It nonetheless appears unlikely Jones will play in Saturday’s matchup with undefeated Virginia at Cameron Indoor Stadium, and that’s disappointing for people who would like to see two of the nation’s best teams at full strength.
For Duke or any other national title contender, it’s a long game. There are future meetings with Virginia (at least one, and heck, there could be three). Getting a healthy Jones back to set up the Blue Devils’ offense and spur their defense is far more important than a single January contest.
After all, Monday made clear how critical Jones is to Duke’s success, even if he doesn’t attract as much attention as some teammates. He is averaging a relatively modest 8.1 points while helping to set up the success of others.
Since his breakout performance against Kentucky on the opening night of the season, Zion Williamson highlights have become a ubiquitous staple of any conversation about the sport. In the fine tradition of Ben Simmons, Grayson Allen and Trae Young, the Duke forward has become ESPN’s designated face of the sport.
R.J. Barrett is difficult to ignore, in part because he’s a volume shooter (whose volume went up by necessity in Monday’s loss after Jones was injured). And Cam Reddish was a touted prospect as well, even if his role for much of the season has not equated to becoming a statistical dynamo.
Then there’s Jones, who ultimately is every bit as important to this Duke team as his older brother Tyus was to the national champion Blue Devils of 2014-15.
Tre Jones isn’t the scorer — or the perimeter shooting presence — his brother was during his one-year stopover in Durham. But if his necessity to Duke wasn’t entirely clear before Monday, it should be now.
Take Jones away, and Duke faces the same point guard conundrum it often has since Coach Mike Krzyzewski opted to invest heavily in one-and-done talent. Sometimes, the Blue Devils just got unlucky; the Kyrie Irving injury in 2010-11 comes to mind. Sometimes, there’s a veteran guard who can capably fill the role (think Quinn Cook). Sometimes, a Jones brother comes along.
And sometimes, no answer emerges and Duke has to piecemeal it together.
In the short term, that’s bound to create problems on offense. Monday was an illustration of players attempting to adjust on the fly. It wasn’t wholly effective: The Blue Devils were 9 of 43 from three-point range, and their prescription for attacking Syracuse’s zone was to hoist more threes, but they still scored 85 points in regulation.

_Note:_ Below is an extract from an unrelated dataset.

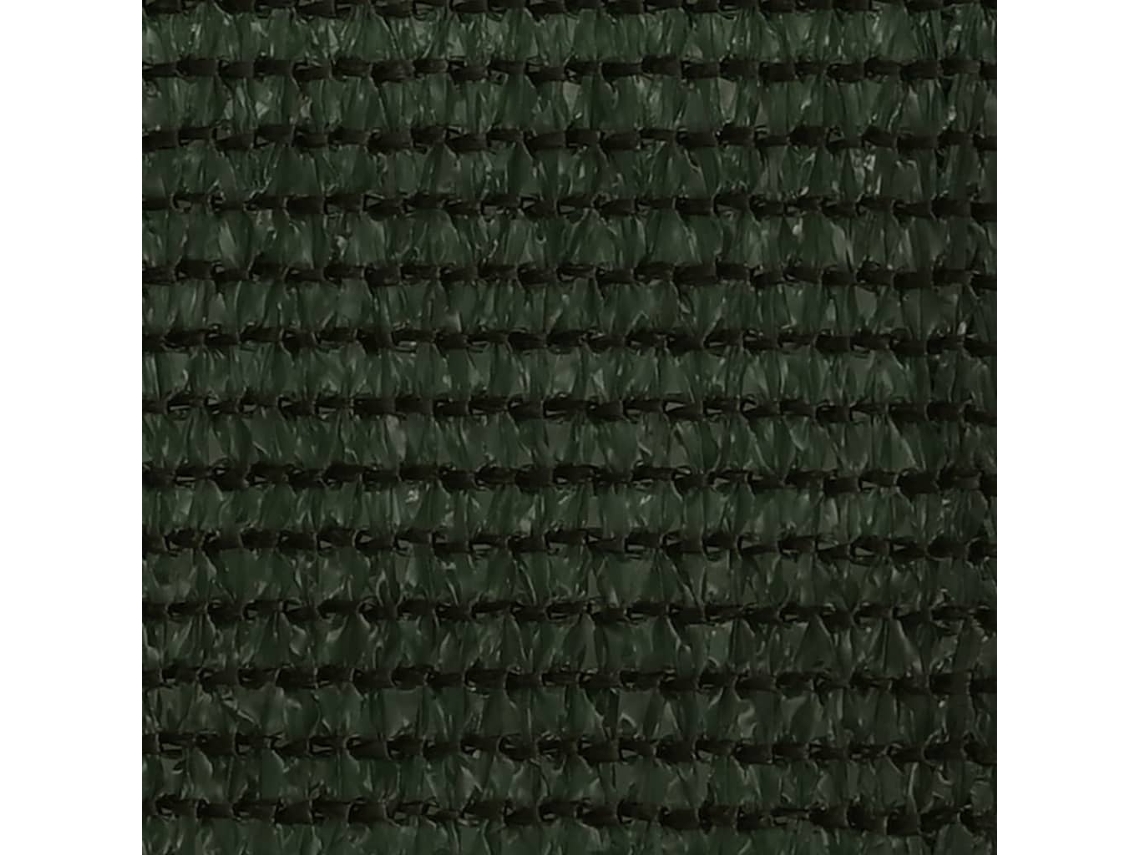 Mampara de balcón 75x500 cm verde oscuro guijarro Wsd384402 Lovely Home
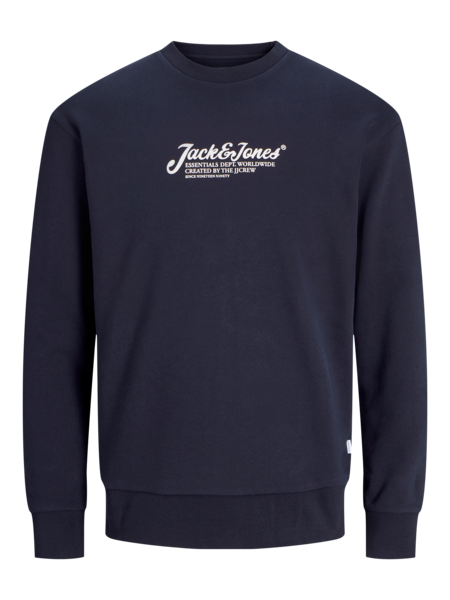 JACK&JONES PLUS JJBEAU SWEAT CREW NECK PLS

Which is to say, Duke will figure it out on offense more often than not, even if Jones isn’t around. It just won’t be nearly as efficient, like a symphony operating without a conductor. He’s averaging only one turnover per game. Even his older brother was closer to two an outing in his season at Duke.

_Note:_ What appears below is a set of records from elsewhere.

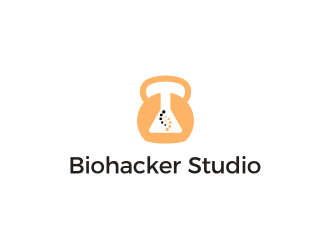 Biohacker Studio logo design by restuti
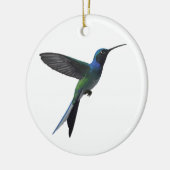 Kolibrie Keramisch Ornament (Links)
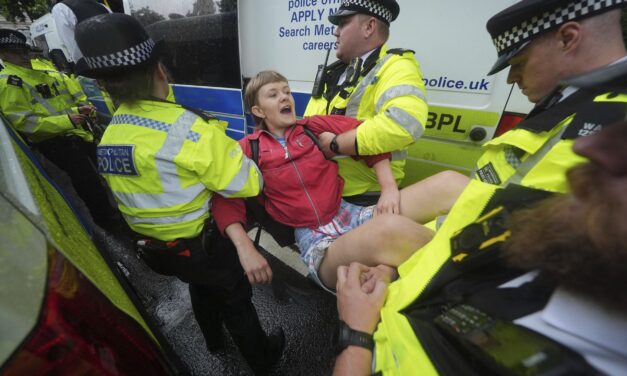 Dozens arrested around the UK at protests to support proscribed group Palestine Action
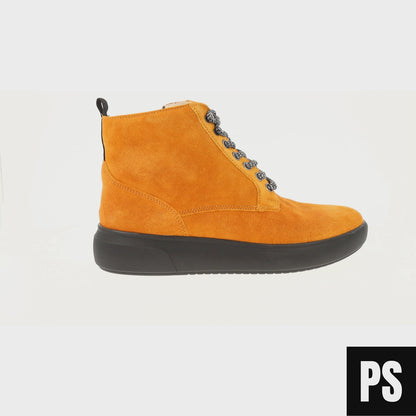 STIEFEL BOOTIE VELOUR DAMEN - Vivien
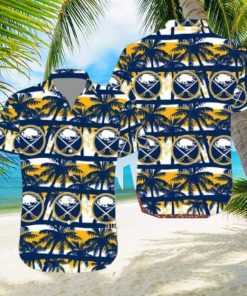 NHL Buffalo Sabres Summer Coconut Tree Hawaiian Set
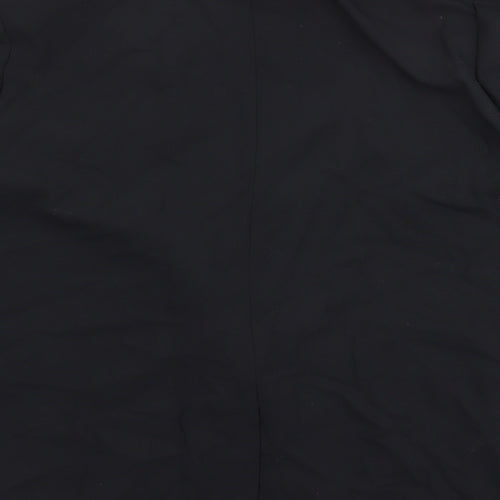 Marks and Spencer Womens Black Polyester Jacket Suit Jacket Size 20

That might not matter against, say, Wake Forest. It did against Syracuse. It probably will against Virginia.
The greater loss for the Blue Devils comes on defense. For as much attention as Williamson’s dunks and Barrett’s hefty scoring totals have generated, Duke is especially dangerous this season because it is fully committed at the defensive end.
Jones is a major part of that, embracing the demands of bottling up an opponent’s top guard. Syracuse can attest to the difference in a Duke defense with Jones and one without. The Orange had six points and five turnovers in 12 possessions before Jones departed. It had 89 points and 10 turnovers in 77 possessions with him off the floor.
If Krzyzewski is correct and Jones’s absence doesn’t become a long-term issue, this scare probably won’t be too costly. After facing Virginia (a team every bit as complete as Duke), the schedule turns in favor of the Blue Devils. Next week, they’ll face Pittsburgh and Georgia Tech, the two least efficient ACC offenses according to KenPom.com. After that is injury-depleted Notre Dame, a nonconference date with St. John’s and a meeting with Boston College.
Saturday’s visit from Virginia aside, time is on the Blue Devils’ side. Getting Jones healthy and ready for the stretch run is the single most important thing Duke can do in the next month.